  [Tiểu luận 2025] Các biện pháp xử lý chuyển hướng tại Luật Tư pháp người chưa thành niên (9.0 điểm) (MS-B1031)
-.-.-
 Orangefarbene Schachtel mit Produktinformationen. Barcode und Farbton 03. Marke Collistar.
-.-.-
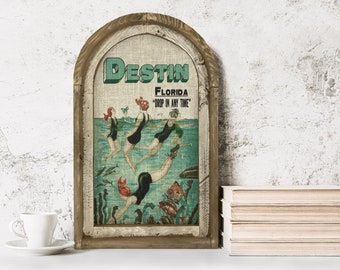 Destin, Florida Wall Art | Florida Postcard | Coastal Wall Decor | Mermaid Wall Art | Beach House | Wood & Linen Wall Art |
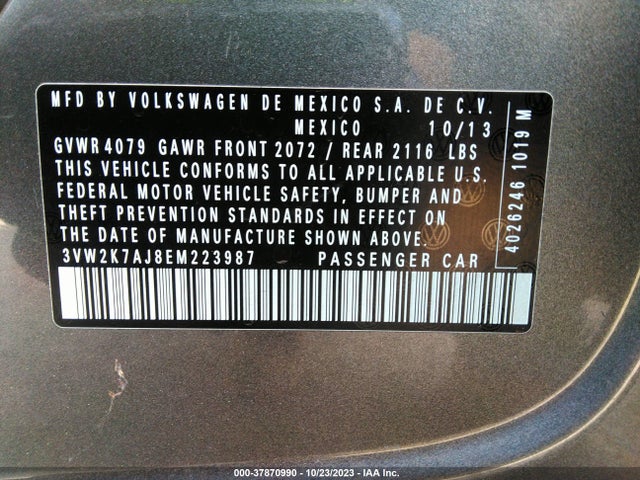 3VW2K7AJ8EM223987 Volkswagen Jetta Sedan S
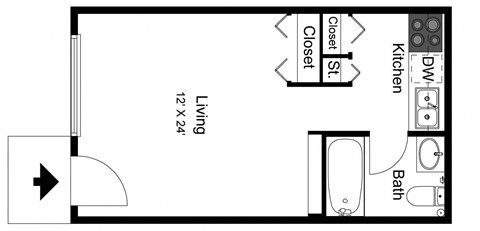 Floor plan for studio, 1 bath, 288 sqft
-.-.-
• _Exercise requirements_: Repeat exactly the stretch of the listing above that starts with the line holding "Destin, Florida Wall" and finishes with the line holding "Floor plan for studio, 1 bath, 288 sqft", both included. Skip every picture.

• _Solution for this problem_:
 Destin, Florida Wall Art | Florida Postcard | Coastal Wall Decor | Mermaid Wall Art | Beach House | Wood & Linen Wall Art |
 3VW2K7AJ8EM223987 Volkswagen Jetta Sedan S
 Floor plan for studio, 1 bath, 288 sqft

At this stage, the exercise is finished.